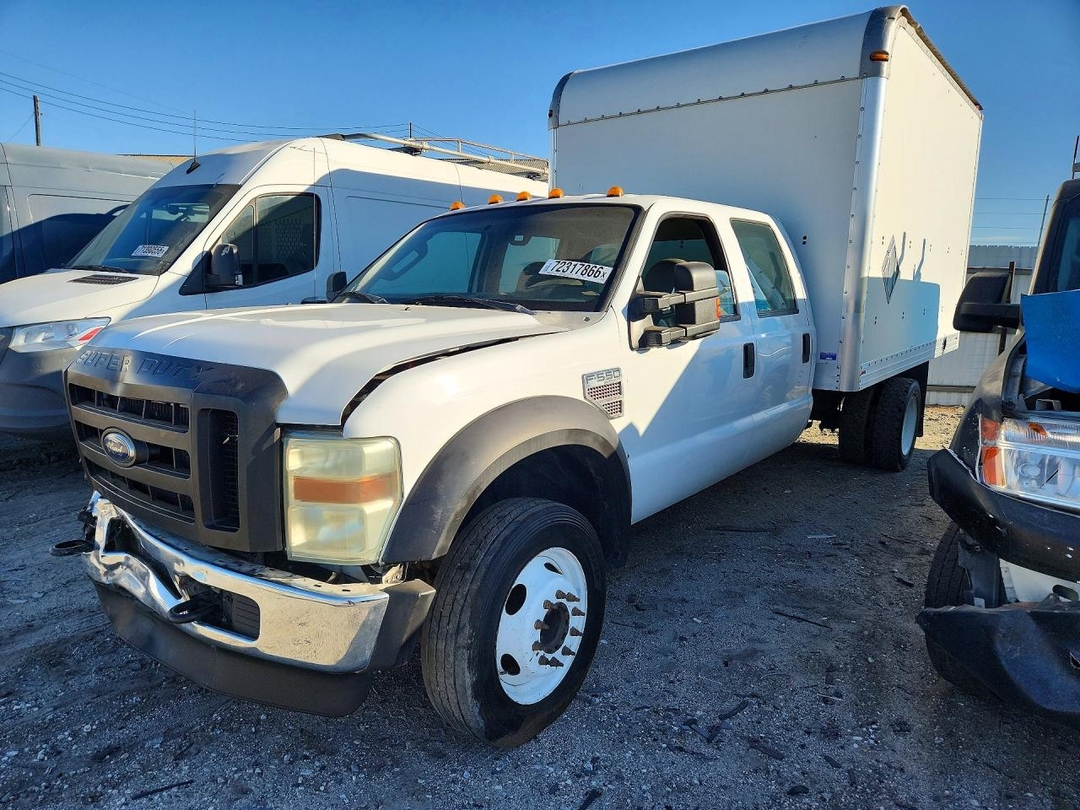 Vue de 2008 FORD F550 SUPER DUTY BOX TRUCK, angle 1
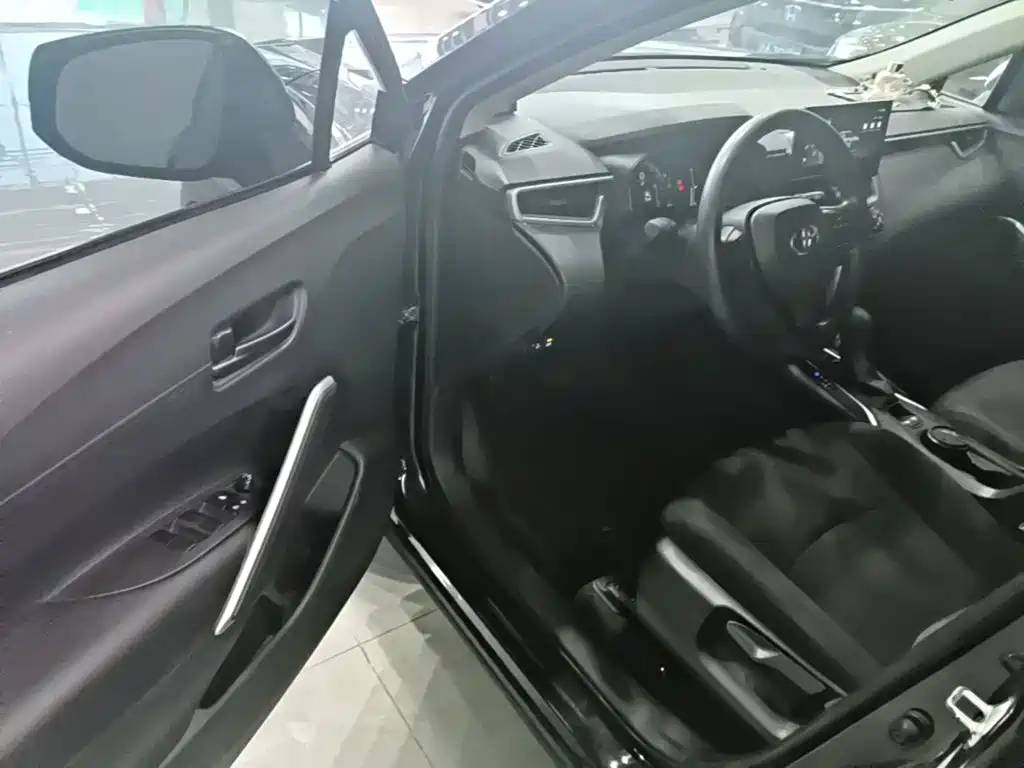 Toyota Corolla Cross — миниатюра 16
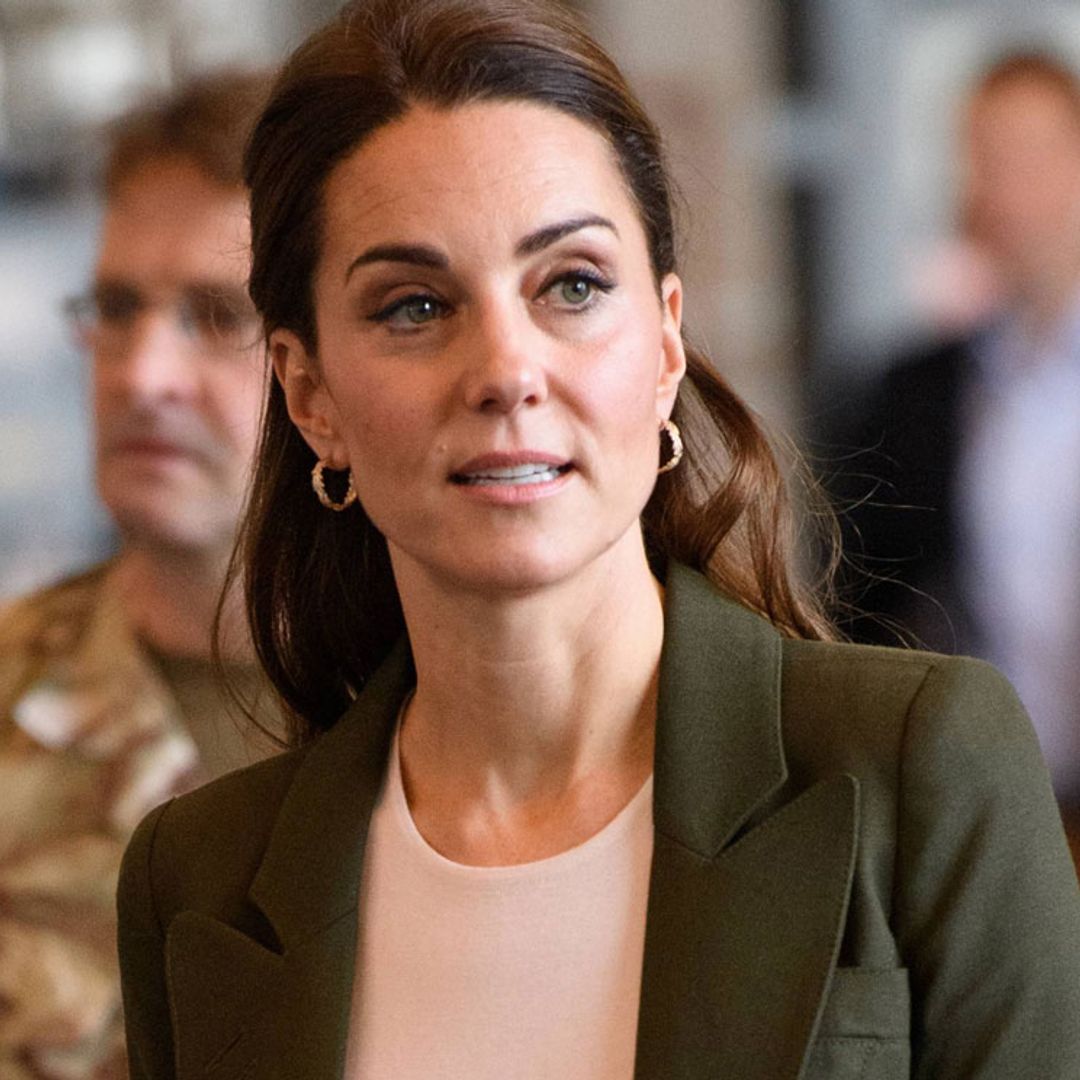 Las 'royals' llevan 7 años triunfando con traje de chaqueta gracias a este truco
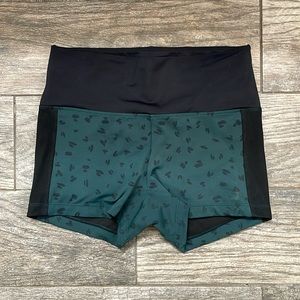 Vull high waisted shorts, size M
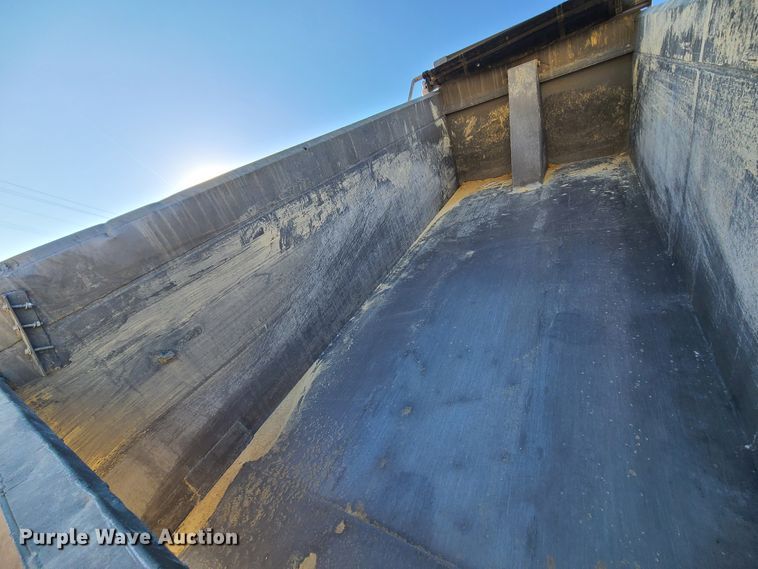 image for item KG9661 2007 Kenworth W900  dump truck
---
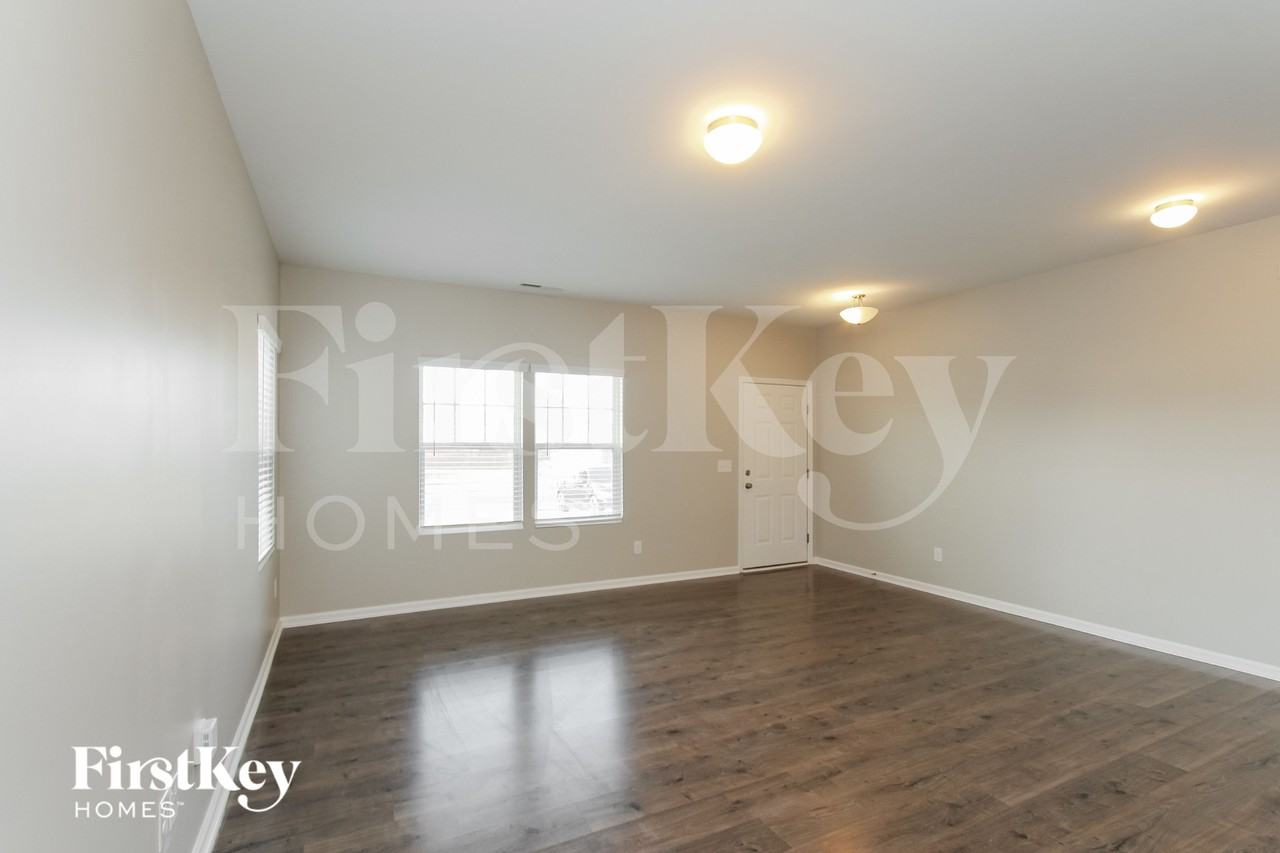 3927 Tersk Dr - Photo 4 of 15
==
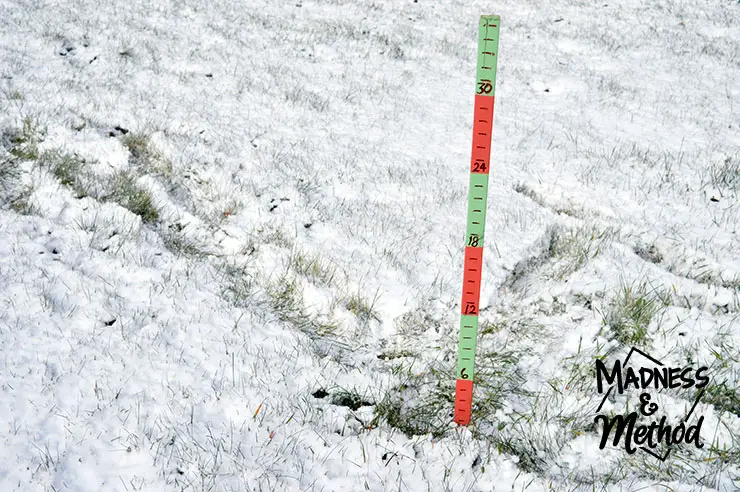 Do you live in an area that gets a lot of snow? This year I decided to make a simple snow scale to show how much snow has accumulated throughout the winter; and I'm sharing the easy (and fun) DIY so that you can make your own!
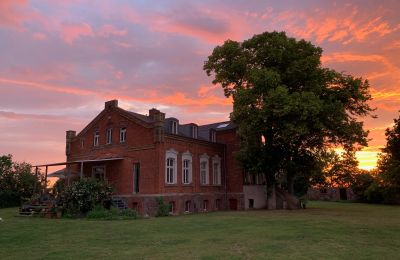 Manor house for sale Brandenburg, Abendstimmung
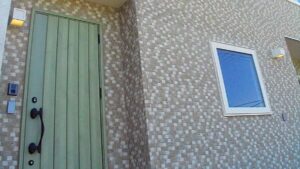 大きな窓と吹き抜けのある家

* [Your assignment]: Excerpt from the records above: set down only the lines from the one that contains "Vue de 2008" through the one that contains "image for item", inclusive, word for word. Pictures stay out.

* [Your response]:
 Vue de 2008 FORD F550 SUPER DUTY BOX TRUCK, angle 1
 Toyota Corolla Cross — миниатюра 16
 Las 'royals' llevan 7 años triunfando con traje de chaqueta gracias a este truco
 Vull high waisted shorts, size M
 image for item KG9661 2007 Kenworth W900  dump truck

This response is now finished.